Elf Übersetzer_innen im Gespräch: Heute mit Kathrin Janka
Wie sind Sie dazu gekommen, tschechische Literatur zu übersetzen? Dass ich als „Westdeutsche“ Ende der 1980er/Anfang der 1990er Jahre Slawistik mit Schwerpunkt tschechische Literatur studiert habe, ist die Schuld von Onkel Václav. Er war ein entfernter Verwandter meines Vaters, der 1914 aus Böhmen nach England emigrierte und dort eine Schuhfabrik eröffnete. Als ich ihn in den 1970er Jahren kennenlernte, war das ein riesengroßer alter Herr mit schlohweißem Haar und einem Knotenstock. Es sprach sechs Sprachen fließend, pflegte aber sowohl im Englischen als auch im Deutschen seinen tschechischen Akzent. Einmal im Jahr reiste er in die ČSSR zum Grab seiner Mutter und machte unterwegs bei uns in Deutschland halt. Irgendwie wurde er dann zu meinem Vorbild.

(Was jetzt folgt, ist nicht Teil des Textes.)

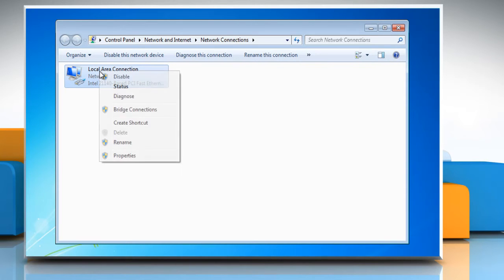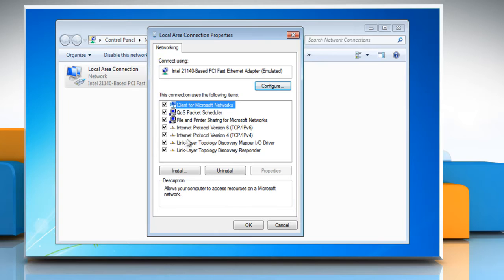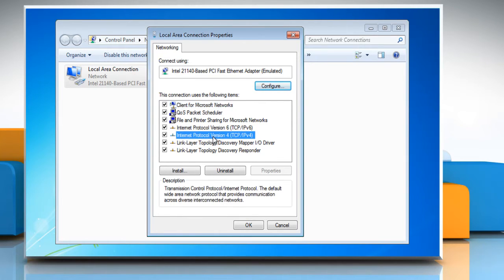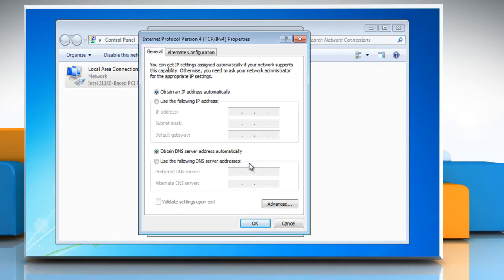Right-click on the network device you wish to change and select Properties from the drop-down menu. Highlight Internet Protocol Version 4 and click on the Properties button.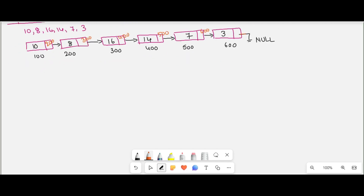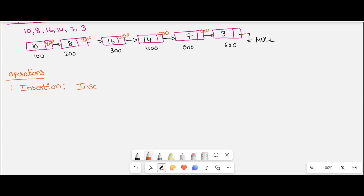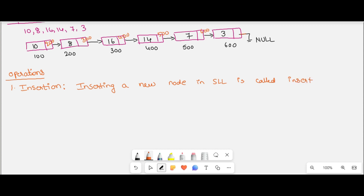Now how can we perform the operations on a linked list? The first operation is insertion. Insertion is nothing but adding a new node, or inserting a new node in a single linked list. That is called the insertion operation.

Haben Sie einen Übersetzungswunsch, den Sie sich bisher noch nicht erfüllen konnten?
Ja, ich habe übersetzerische Träume unterschiedlichster Art. Einer ist ganz konkret: Hoffentlich erscheint die eine Übersetzung eines wichtigen, guten, interessanten literarischen Werks, die ich vor über einem Jahr für einen Verlag gemacht habe und die aus mir nicht ganz verständlichen Gründen bis heute nicht erschienen ist, doch noch (und bald)! Da wäre ich sehr froh. Aber Sie haben es sicher eher inhaltlich gemeint. Ich würde mich sehr freuen, weitere Bände von Magdaléna Platzová zu übersetzen (u.a. den „Anarchisten“, der bis heute leider keinen deutschen Verleger gefunden hat), dann weitere Erzählungen von Dora Čechová. Und für die Schublade arbeite ich bereits an den Erzählungen von Jana Zábrana.
Gibt es in Ihrer langjährigen Übersetzungsarbeit ein Wort / eine Phrase, die besonders schwer zu übersetzen war?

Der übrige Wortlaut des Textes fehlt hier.